╭──
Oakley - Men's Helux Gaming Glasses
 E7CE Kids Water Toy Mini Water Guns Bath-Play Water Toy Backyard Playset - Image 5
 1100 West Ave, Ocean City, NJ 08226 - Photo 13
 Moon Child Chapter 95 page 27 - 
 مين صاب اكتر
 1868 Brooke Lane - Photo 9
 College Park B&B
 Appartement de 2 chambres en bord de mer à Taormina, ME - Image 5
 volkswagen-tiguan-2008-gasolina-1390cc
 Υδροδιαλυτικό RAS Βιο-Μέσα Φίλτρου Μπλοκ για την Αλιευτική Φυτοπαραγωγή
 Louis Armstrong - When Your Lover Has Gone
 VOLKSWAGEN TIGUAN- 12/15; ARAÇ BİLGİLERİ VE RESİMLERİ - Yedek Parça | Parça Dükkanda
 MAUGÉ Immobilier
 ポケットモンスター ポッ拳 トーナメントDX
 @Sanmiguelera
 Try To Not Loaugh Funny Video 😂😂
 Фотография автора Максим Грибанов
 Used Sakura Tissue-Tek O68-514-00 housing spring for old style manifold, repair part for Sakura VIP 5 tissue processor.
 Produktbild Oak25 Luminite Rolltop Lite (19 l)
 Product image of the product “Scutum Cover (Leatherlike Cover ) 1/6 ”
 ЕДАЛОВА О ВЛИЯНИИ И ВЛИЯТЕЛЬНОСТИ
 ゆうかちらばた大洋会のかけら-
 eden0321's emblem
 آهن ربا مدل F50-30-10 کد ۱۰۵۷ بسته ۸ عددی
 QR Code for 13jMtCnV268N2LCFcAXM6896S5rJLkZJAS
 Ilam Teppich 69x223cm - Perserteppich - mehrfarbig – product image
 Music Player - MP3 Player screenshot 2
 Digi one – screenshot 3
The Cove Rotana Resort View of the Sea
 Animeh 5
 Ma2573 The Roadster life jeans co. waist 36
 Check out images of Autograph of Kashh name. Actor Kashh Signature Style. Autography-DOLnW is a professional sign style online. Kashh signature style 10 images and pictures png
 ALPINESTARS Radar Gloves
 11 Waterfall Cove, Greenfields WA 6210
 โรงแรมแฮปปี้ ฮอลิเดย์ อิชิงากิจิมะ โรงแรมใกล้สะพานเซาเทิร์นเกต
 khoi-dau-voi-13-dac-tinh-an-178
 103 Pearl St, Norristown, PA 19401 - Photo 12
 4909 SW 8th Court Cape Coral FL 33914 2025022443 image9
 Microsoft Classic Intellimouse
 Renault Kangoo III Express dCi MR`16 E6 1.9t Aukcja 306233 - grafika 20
╰──
Only lines with the word "Photo" are wanted, so copy each one from the records.

- RESULT FOR THIS EXERCISE:
 1100 West Ave, Ocean City, NJ 08226 - Photo 13
 1868 Brooke Lane - Photo 9
 103 Pearl St, Norristown, PA 19401 - Photo 12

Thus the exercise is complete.